You can probably guess how I feel about cursive… :slight_smile:

I think you missed my point. This has nothing to do with prices or who is paying for anything and I have no idea why you’re bringing that into it.

I meant that some people think a flat screen TV is somehow a luxury but a CRT TV is not (can you even buy a CRT TV anymore?), or a cell phone is a luxury but a landline is not (seriously, how many average people do you know who don’t have a cell phone?) or a laptop is a luxury when a desktop is not (many people own a laptop even though they rarely move it).

But some people are living in the past when a cell phone or a flat screen TV or a laptop were new and exotic compared to the old fashioned equivalents.

Wait…

… is this 1980? I was under the impression that with most people currently transferring the primary personal timepiece function to the cell/smartphone, actual watch-wearers were largely going analog for style considerations(*). Heck, even a lot of the smartwatches I see are configured with a dial display at idle. Mistaken impression? Bubble?

(* I like the philosophical POV about analog clock/watchfaces – digital shows you this instant; analog shows motion within a cyclical continuum. That is going to keep me wearing actual watches, in analog. Oh, I’ll have you, Omega Speedmaster Professional, some day I will…)

Yeah, the only people I know who wear watches wear nice, stylish analogue watches, not digital ones. Oh, well, I guess there’s that Apple Watch, but I actually don’t know anyone who uses one (plus it seems the analogue face is a common one to use on that, if the marketing pictures are to be believed.)

Struggling with analog clocks is common with dyscalculia. My 27 year old daughter still has to count with her fingers in the air studying on it. She also can’t remember a phone number to save her life and gets turned around coming home from work sometimes. She has a really bad sense of direction.

Can’t they just use their cell phone to call and ask what time it is?

You will never drive a car that needs to be cranked.
You will see lots of analog clocks.

You may find one on the wall when you , say, take a professional examination like the bar exam, and no cell phones are allowed.
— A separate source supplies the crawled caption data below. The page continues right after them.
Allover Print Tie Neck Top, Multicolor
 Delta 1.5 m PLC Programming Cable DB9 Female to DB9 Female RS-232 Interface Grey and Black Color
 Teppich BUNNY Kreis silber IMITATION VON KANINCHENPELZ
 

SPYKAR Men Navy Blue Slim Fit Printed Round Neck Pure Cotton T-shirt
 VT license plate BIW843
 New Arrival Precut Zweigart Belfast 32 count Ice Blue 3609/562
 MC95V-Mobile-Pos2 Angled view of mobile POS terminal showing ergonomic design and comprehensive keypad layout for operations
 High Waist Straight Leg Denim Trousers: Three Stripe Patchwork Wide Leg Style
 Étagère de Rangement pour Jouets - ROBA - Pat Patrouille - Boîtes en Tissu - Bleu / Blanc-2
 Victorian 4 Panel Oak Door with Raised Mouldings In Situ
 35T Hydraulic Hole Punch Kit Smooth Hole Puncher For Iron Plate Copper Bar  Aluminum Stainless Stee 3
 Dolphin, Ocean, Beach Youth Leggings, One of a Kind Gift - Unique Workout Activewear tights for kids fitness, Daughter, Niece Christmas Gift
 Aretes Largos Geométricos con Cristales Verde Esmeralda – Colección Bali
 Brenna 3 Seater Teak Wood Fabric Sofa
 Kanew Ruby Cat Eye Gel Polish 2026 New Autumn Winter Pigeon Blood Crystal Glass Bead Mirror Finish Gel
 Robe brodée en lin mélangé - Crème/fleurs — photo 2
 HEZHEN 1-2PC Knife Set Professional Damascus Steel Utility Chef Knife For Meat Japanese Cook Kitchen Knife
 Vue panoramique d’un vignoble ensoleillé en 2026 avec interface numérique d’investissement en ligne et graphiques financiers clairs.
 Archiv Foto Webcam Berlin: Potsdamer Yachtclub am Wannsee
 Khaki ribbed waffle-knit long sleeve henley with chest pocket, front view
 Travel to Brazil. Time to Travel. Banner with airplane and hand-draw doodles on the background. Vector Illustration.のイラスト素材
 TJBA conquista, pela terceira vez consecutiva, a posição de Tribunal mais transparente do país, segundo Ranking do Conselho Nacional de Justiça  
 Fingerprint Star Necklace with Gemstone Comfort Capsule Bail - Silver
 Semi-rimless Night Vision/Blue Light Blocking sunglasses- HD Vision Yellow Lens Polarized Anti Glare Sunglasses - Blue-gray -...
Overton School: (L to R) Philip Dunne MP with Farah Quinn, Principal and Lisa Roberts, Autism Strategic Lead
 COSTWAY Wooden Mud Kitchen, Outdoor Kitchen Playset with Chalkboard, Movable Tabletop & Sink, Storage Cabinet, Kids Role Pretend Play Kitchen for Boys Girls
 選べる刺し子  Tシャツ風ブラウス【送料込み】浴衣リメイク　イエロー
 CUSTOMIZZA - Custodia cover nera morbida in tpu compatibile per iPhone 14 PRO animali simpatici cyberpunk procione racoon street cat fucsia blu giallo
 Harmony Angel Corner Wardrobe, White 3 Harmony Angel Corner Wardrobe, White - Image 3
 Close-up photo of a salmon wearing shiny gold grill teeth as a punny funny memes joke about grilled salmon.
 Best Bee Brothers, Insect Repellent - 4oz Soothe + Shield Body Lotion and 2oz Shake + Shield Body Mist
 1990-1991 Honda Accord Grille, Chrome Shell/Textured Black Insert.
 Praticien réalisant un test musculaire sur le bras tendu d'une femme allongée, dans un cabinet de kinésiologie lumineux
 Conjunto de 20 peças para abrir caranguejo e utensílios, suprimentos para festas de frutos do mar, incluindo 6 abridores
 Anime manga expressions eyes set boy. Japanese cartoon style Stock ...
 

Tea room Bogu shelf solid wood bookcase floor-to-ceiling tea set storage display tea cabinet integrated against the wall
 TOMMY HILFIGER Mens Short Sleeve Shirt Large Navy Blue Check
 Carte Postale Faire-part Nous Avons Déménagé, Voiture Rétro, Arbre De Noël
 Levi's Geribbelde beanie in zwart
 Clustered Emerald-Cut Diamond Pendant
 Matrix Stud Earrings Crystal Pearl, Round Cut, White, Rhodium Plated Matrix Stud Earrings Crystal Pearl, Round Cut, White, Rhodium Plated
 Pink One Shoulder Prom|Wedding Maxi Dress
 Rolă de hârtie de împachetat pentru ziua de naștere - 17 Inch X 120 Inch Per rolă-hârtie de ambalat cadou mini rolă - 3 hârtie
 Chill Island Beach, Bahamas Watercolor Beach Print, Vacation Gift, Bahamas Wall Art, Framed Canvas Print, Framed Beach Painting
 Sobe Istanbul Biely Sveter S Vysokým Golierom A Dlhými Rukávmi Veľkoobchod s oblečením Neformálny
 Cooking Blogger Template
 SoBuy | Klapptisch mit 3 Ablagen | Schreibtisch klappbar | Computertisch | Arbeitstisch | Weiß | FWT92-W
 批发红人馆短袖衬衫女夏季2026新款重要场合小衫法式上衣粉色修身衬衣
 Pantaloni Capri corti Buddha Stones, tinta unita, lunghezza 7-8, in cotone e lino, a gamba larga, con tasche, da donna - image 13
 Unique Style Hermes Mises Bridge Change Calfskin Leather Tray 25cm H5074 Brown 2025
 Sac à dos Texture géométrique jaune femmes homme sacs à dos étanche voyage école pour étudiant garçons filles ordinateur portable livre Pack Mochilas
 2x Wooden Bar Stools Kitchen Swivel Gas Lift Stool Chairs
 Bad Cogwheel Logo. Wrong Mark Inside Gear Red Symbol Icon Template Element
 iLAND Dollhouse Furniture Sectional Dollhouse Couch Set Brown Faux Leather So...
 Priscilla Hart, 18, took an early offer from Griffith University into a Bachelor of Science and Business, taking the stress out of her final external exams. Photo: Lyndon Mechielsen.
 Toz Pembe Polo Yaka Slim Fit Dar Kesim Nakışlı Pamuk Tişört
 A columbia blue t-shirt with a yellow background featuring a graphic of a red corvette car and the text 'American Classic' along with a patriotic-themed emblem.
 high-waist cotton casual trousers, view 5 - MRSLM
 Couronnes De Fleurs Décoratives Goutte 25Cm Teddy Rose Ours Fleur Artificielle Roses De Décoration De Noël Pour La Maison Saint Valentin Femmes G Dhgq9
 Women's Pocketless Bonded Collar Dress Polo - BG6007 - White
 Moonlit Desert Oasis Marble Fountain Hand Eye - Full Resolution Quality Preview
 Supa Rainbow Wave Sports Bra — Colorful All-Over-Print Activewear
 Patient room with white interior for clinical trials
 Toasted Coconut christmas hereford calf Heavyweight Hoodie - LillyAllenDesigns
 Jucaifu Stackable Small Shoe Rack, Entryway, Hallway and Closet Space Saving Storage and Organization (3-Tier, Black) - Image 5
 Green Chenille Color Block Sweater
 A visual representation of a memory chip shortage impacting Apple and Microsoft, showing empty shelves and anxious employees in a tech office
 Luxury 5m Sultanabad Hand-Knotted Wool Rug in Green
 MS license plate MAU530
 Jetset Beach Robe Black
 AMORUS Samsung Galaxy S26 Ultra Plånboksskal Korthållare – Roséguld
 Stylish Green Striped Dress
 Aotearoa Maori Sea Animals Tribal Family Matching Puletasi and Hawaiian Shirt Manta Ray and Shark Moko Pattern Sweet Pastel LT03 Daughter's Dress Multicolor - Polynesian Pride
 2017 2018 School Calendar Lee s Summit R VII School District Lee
Or in an office ,when you’re waiting impatiently for a big interview. Or in your elementary school classroom when you’re waiting for lunch.

It’s not an essential life skill…but it’s an important one.

I doubt if many Oklahomans write bar exams while they are children. If they are not bright enough to have picked up reading a dial clock on their own somewhere along the way, it would be best if they did not become lawyers.

Thanks for your well-informed and thoughtful reply, Ulf, with your informed opinion that teaching kids to read analog clocks is more trouble than it’s worth.

Still, in my own uninformed opinion, I’d like to see analog clocks stay on the schoolroom walls (perhaps alongside digital clocks) so that kids get used to seeing them, and so that at least kids who are curious, and capable of catching on relatively quickly, have the opportunity to learn how they work.

I don’t think there’s a single analog clock in my daughter’s middle school. They all have laptops. The clock in the office is digital.

I don’t recall seeing any clocks where my other daughter goes to college either. I really think we might need to accept that they’re dying out like rotary phones, which also stuck around long after usefulness.

I’ve got a question about how some people say times that seems to fit here. I know that “quarter to six” is 5:45 and “quarter past six” is 6:15. But I hear some people say “quarter of six”. What digital time does that refer to? I don’t hear it often, is it a regional thing?

I visit lots and lots of schools for my work, everywhere from Grade 1 right through universities, and analog clocks are still in the vast, vast majority. I’ve seen digital displays in common areas, like gyms or cafeterias, but analog clocks are by far more common in the classroom.